Instructions for the task —
Could you print each of the records below exactly?

Given entries —

▶

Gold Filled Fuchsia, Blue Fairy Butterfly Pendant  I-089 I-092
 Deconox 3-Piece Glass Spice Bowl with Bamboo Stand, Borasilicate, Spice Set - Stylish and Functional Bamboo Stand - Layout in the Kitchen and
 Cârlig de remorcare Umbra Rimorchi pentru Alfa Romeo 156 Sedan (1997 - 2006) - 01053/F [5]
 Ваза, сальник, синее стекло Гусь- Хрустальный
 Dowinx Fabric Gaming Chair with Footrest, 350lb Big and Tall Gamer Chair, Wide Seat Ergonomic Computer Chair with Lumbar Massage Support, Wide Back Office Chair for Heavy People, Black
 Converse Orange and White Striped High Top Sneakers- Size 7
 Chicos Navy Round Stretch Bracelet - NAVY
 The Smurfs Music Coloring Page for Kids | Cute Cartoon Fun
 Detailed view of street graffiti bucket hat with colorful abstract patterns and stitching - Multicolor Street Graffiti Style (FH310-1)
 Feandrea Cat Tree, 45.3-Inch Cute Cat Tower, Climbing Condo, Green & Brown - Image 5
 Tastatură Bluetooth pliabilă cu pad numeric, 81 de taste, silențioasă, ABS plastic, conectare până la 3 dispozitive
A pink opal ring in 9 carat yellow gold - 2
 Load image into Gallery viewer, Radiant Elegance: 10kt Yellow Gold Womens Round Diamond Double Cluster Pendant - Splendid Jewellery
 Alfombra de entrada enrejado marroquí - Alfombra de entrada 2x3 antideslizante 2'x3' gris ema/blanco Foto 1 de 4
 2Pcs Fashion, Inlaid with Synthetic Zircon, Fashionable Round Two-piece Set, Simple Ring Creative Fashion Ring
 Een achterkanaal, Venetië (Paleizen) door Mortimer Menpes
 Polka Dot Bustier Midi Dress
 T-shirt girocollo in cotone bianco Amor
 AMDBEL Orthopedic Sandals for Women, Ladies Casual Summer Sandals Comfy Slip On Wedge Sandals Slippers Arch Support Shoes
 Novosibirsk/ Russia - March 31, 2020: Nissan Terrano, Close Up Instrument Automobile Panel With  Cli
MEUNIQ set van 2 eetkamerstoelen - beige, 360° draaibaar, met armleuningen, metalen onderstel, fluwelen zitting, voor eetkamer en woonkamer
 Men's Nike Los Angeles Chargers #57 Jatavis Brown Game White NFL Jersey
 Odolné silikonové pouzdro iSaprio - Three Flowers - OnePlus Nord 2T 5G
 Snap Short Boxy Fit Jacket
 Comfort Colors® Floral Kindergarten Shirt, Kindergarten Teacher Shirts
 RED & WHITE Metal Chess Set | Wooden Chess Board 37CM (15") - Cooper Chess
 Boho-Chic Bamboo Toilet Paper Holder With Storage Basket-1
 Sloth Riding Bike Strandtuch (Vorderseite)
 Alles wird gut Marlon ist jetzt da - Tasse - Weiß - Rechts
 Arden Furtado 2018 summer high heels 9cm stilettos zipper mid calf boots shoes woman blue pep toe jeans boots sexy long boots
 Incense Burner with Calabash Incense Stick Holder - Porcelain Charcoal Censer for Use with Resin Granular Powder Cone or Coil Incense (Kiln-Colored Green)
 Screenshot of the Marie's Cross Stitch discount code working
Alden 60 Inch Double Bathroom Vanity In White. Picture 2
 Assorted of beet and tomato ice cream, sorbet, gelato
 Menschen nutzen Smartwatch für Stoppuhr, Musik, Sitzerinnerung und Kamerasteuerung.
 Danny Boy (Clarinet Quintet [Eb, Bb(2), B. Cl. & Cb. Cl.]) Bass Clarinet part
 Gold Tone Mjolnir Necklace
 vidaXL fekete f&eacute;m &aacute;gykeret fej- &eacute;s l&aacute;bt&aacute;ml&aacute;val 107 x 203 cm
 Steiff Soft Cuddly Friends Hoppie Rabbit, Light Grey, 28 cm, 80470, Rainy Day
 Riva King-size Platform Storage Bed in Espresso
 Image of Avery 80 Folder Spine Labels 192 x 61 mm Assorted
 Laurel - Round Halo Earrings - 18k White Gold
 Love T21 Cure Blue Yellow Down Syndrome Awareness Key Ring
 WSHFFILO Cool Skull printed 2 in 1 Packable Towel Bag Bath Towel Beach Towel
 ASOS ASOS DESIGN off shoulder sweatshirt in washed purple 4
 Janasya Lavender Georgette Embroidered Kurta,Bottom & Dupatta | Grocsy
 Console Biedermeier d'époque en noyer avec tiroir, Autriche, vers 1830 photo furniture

◀

Response to this exercise —
Gold Filled Fuchsia, Blue Fairy Butterfly Pendant  I-089 I-092
 Deconox 3-Piece Glass Spice Bowl with Bamboo Stand, Borasilicate, Spice Set - Stylish and Functional Bamboo Stand - Layout in the Kitchen and
 Cârlig de remorcare Umbra Rimorchi pentru Alfa Romeo 156 Sedan (1997 - 2006) - 01053/F [5]
 Ваза, сальник, синее стекло Гусь- Хрустальный
 Dowinx Fabric Gaming Chair with Footrest, 350lb Big and Tall Gamer Chair, Wide Seat Ergonomic Computer Chair with Lumbar Massage Support, Wide Back Office Chair for Heavy People, Black
 Converse Orange and White Striped High Top Sneakers- Size 7
 Chicos Navy Round Stretch Bracelet - NAVY
 The Smurfs Music Coloring Page for Kids | Cute Cartoon Fun
 Detailed view of street graffiti bucket hat with colorful abstract patterns and stitching - Multicolor Street Graffiti Style (FH310-1)
 Feandrea Cat Tree, 45.3-Inch Cute Cat Tower, Climbing Condo, Green & Brown - Image 5
 Tastatură Bluetooth pliabilă cu pad numeric, 81 de taste, silențioasă, ABS plastic, conectare până la 3 dispozitive
A pink opal ring in 9 carat yellow gold - 2
 Load image into Gallery viewer, Radiant Elegance: 10kt Yellow Gold Womens Round Diamond Double Cluster Pendant - Splendid Jewellery
 Alfombra de entrada enrejado marroquí - Alfombra de entrada 2x3 antideslizante 2'x3' gris ema/blanco Foto 1 de 4
 2Pcs Fashion, Inlaid with Synthetic Zircon, Fashionable Round Two-piece Set, Simple Ring Creative Fashion Ring
 Een achterkanaal, Venetië (Paleizen) door Mortimer Menpes
 Polka Dot Bustier Midi Dress
 T-shirt girocollo in cotone bianco Amor
 AMDBEL Orthopedic Sandals for Women, Ladies Casual Summer Sandals Comfy Slip On Wedge Sandals Slippers Arch Support Shoes
 Novosibirsk/ Russia - March 31, 2020: Nissan Terrano, Close Up Instrument Automobile Panel With  Cli
MEUNIQ set van 2 eetkamerstoelen - beige, 360° draaibaar, met armleuningen, metalen onderstel, fluwelen zitting, voor eetkamer en woonkamer
 Men's Nike Los Angeles Chargers #57 Jatavis Brown Game White NFL Jersey
 Odolné silikonové pouzdro iSaprio - Three Flowers - OnePlus Nord 2T 5G
 Snap Short Boxy Fit Jacket
 Comfort Colors® Floral Kindergarten Shirt, Kindergarten Teacher Shirts
 RED & WHITE Metal Chess Set | Wooden Chess Board 37CM (15") - Cooper Chess
 Boho-Chic Bamboo Toilet Paper Holder With Storage Basket-1
 Sloth Riding Bike Strandtuch (Vorderseite)
 Alles wird gut Marlon ist jetzt da - Tasse - Weiß - Rechts
 Arden Furtado 2018 summer high heels 9cm stilettos zipper mid calf boots shoes woman blue pep toe jeans boots sexy long boots
 Incense Burner with Calabash Incense Stick Holder - Porcelain Charcoal Censer for Use with Resin Granular Powder Cone or Coil Incense (Kiln-Colored Green)
 Screenshot of the Marie's Cross Stitch discount code working
Alden 60 Inch Double Bathroom Vanity In White. Picture 2
 Assorted of beet and tomato ice cream, sorbet, gelato
 Menschen nutzen Smartwatch für Stoppuhr, Musik, Sitzerinnerung und Kamerasteuerung.
 Danny Boy (Clarinet Quintet [Eb, Bb(2), B. Cl. & Cb. Cl.]) Bass Clarinet part
 Gold Tone Mjolnir Necklace
 vidaXL fekete f&eacute;m &aacute;gykeret fej- &eacute;s l&aacute;bt&aacute;ml&aacute;val 107 x 203 cm
 Steiff Soft Cuddly Friends Hoppie Rabbit, Light Grey, 28 cm, 80470, Rainy Day
 Riva King-size Platform Storage Bed in Espresso
 Image of Avery 80 Folder Spine Labels 192 x 61 mm Assorted
 Laurel - Round Halo Earrings - 18k White Gold
 Love T21 Cure Blue Yellow Down Syndrome Awareness Key Ring
 WSHFFILO Cool Skull printed 2 in 1 Packable Towel Bag Bath Towel Beach Towel
 ASOS ASOS DESIGN off shoulder sweatshirt in washed purple 4
 Janasya Lavender Georgette Embroidered Kurta,Bottom & Dupatta | Grocsy
 Console Biedermeier d'époque en noyer avec tiroir, Autriche, vers 1830 photo furniture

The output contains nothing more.